* THE TASK *
Every line of the material needs an exact copy, apart from the images.

* DATA SHOWN *
● ● ● ●
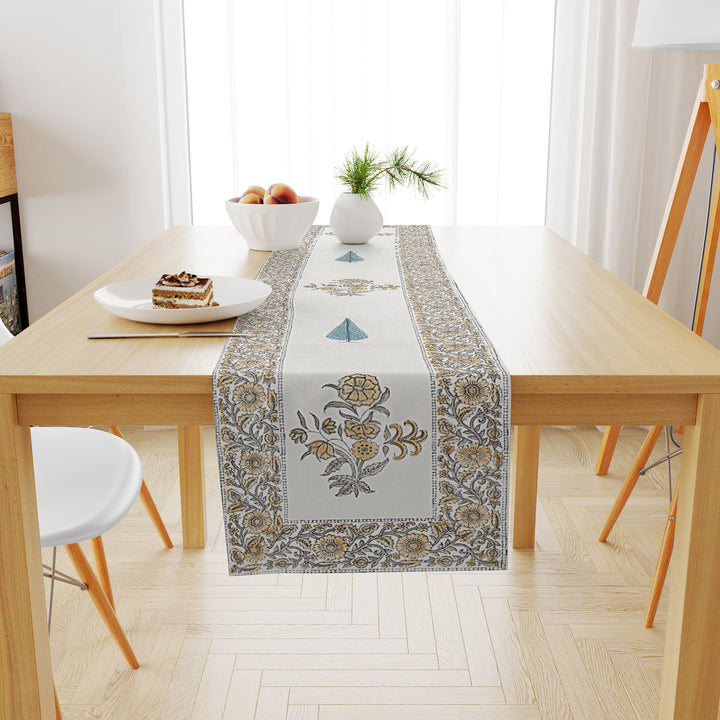 Hand Block Printed Canvas Cotton Cloth Table Runner - Brown Blue Floral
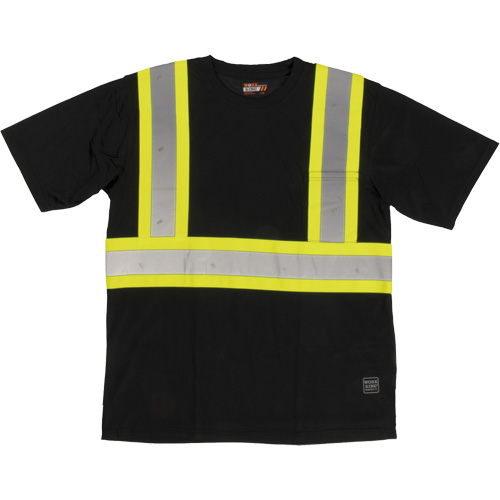 Short-Sleeved Safety T-Shirt with Pocket, Polyester, Large, Black Helyx Safety & Industrial Supplies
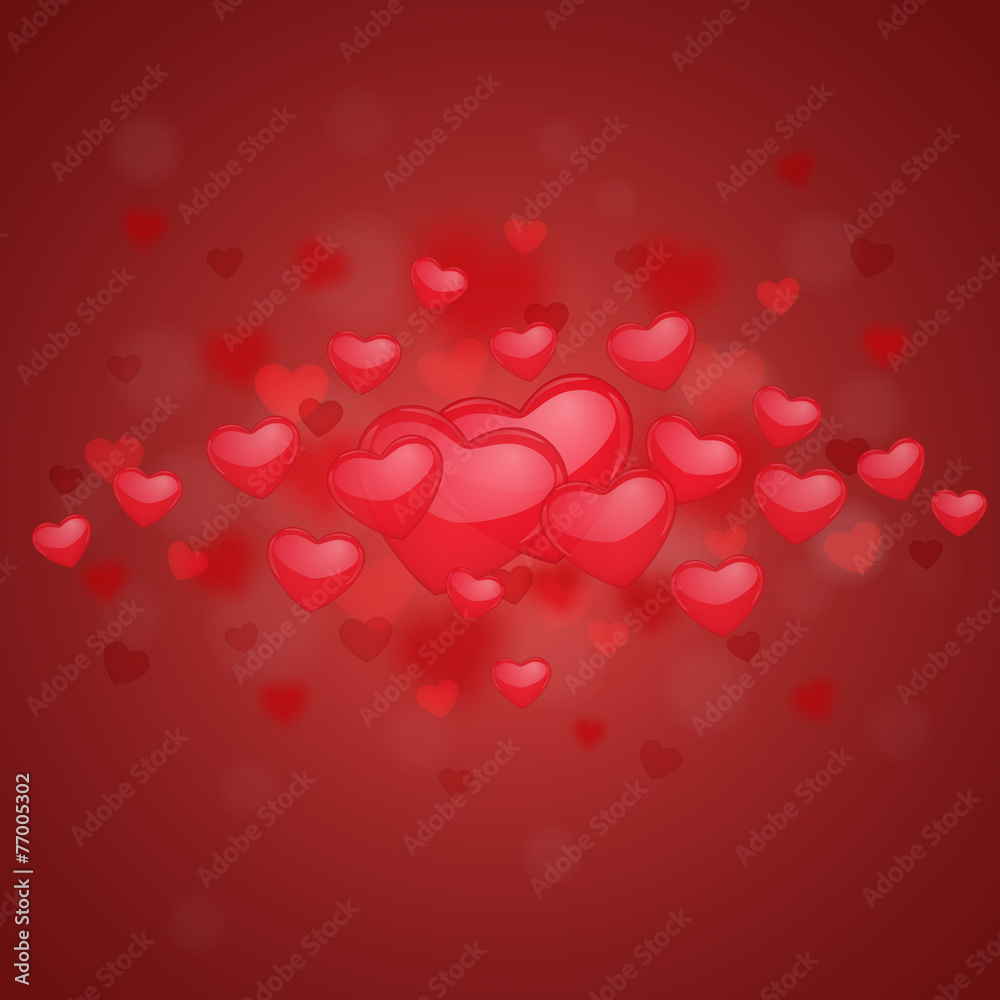 Valentines Day abstract background with red hearts.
● ● ● ●
* RESPONSE TO THIS EXERCISE *
 Hand Block Printed Canvas Cotton Cloth Table Runner - Brown Blue Floral
 Short-Sleeved Safety T-Shirt with Pocket, Polyester, Large, Black Helyx Safety & Industrial Supplies
 Valentines Day abstract background with red hearts.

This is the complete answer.